When I look at other communist nations, they were invaded, couped, and/or sabotaged at every opportunity, and (forgive me, my history of China is weak) while I’m sure that China faced obstacles from capitalists outside of the country, it somehow rose up to be the power that it is today while the USSR fell, Vietnam and Korea got bombed to hell and back, Cuba was put under crippling sanctions, and surely countless other uprisings got squashed young.
But china didn’t just survive, they thrived. How?
DPRK got nukes and stuck to the plan, but never got big like china. Just a matter of natural resources?
China has a billion people which goes a long way
~ 1.4 billion people vs. ~ 25 million, as well as having a small fraction of total territory would account for a lot
Not to mention, you know, being sanctioned to hell and back and being bombed into the past within living memory.
And possessing control over what was historically the least productive half of the Korean peninsula on account of it being mountainous as all hell while all the good farmland is in the hostile occupied southern half of the country.
Its never “just a matter of” anything. The Sino/Soviet split had deep ramifications across a broad spectrum of conflicts that had a material impact on Chinas reputation with the west.
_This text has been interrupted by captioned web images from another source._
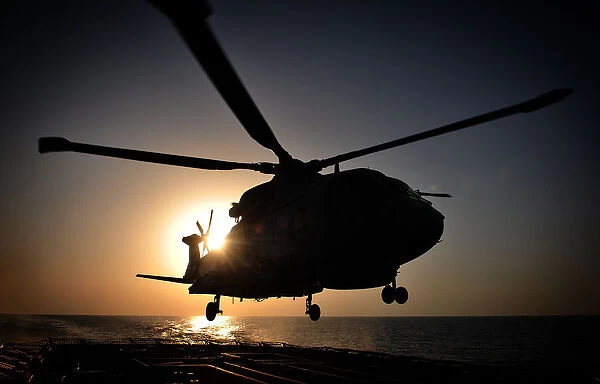 Royal Navy Merlin Helicopter Lands Onboard HMS Somerset Near Iraq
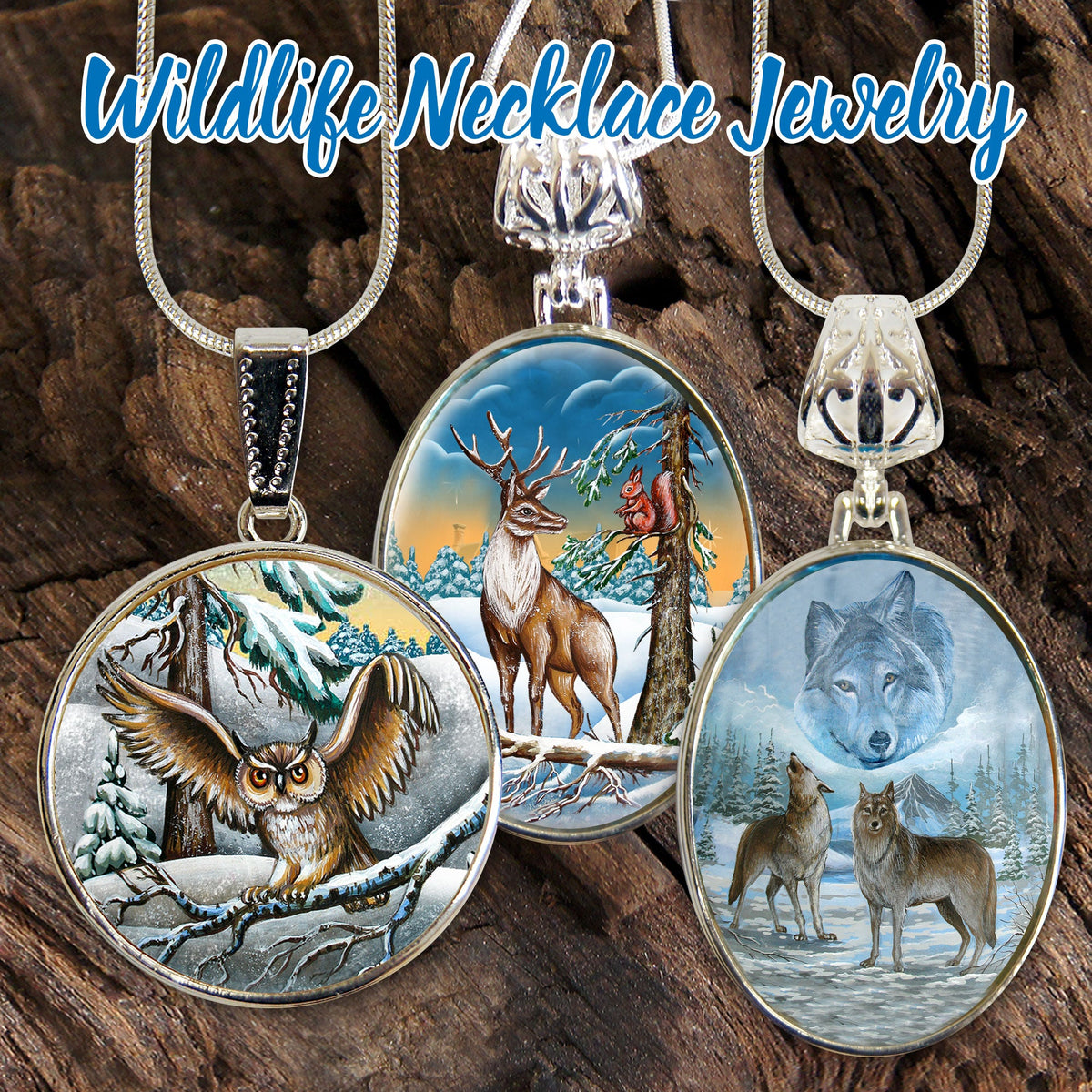Wolves Howling Round Silver-Plated Mother of Pearl Jewelry Pendant Necklace - 44040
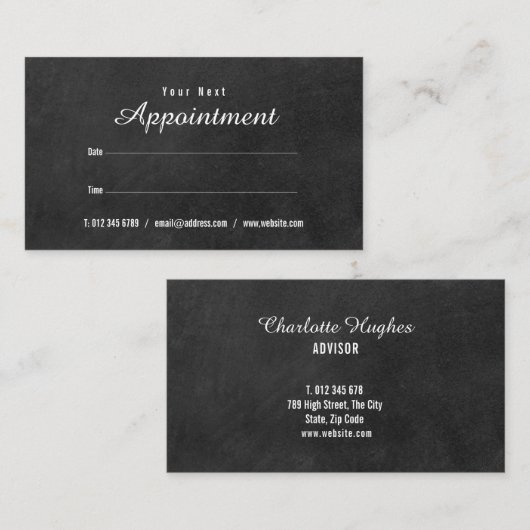 ミニマリストチャルクボードアポイントメントカード 名刺 (正面/裏面)
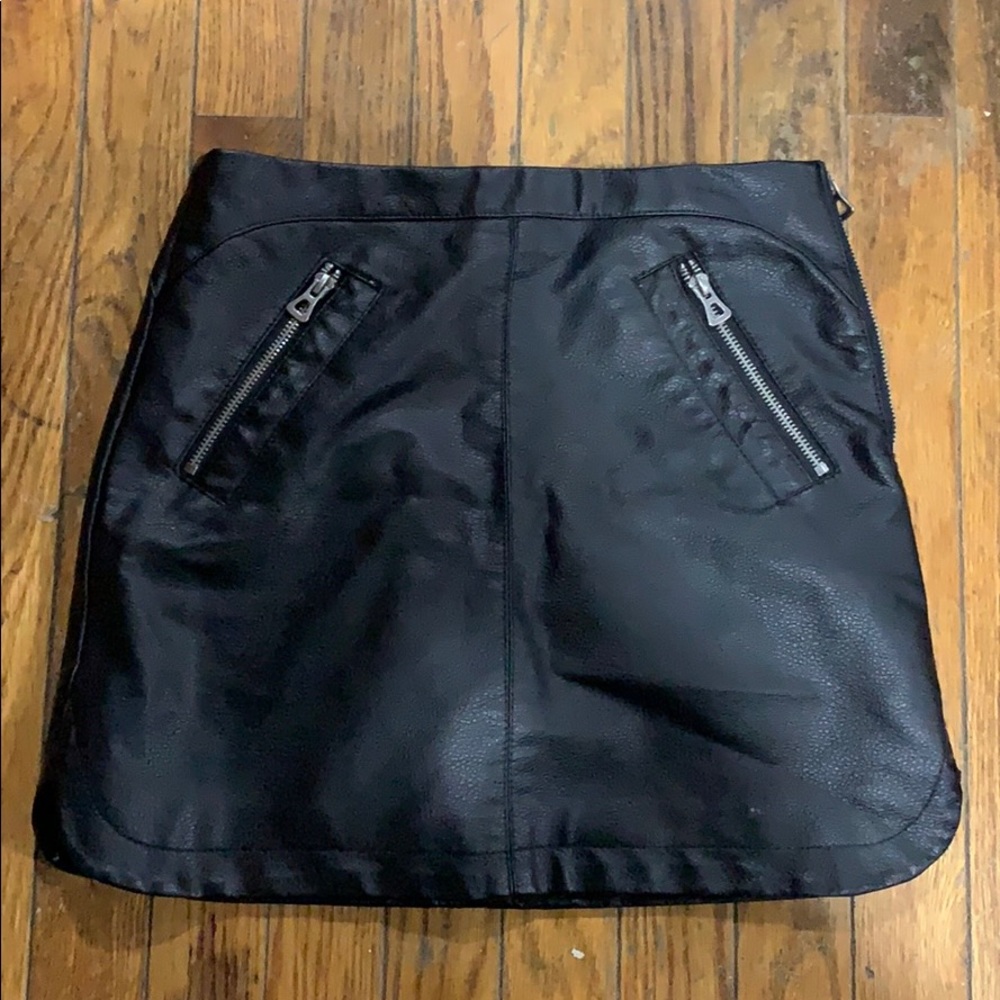 silence+noise faux leather skirt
They partnered with the west in Afghanistan, backing the mujahideen. They backed Cambodia and had growing tensions with Vietnam due to their ties to the Soviets. These actions showed the west they might play ball. Nixon going to China was an effort to drive a deeper wedge between Moscow and Beijing.
After the opening up of China, they convinced Western investors to pour money into their industries. The west thought they would become a liberal democracy any day, just like they think they’re going to collapse any day.
Arguably the Sino/Soviet split was a large factor in the Soviet collapse.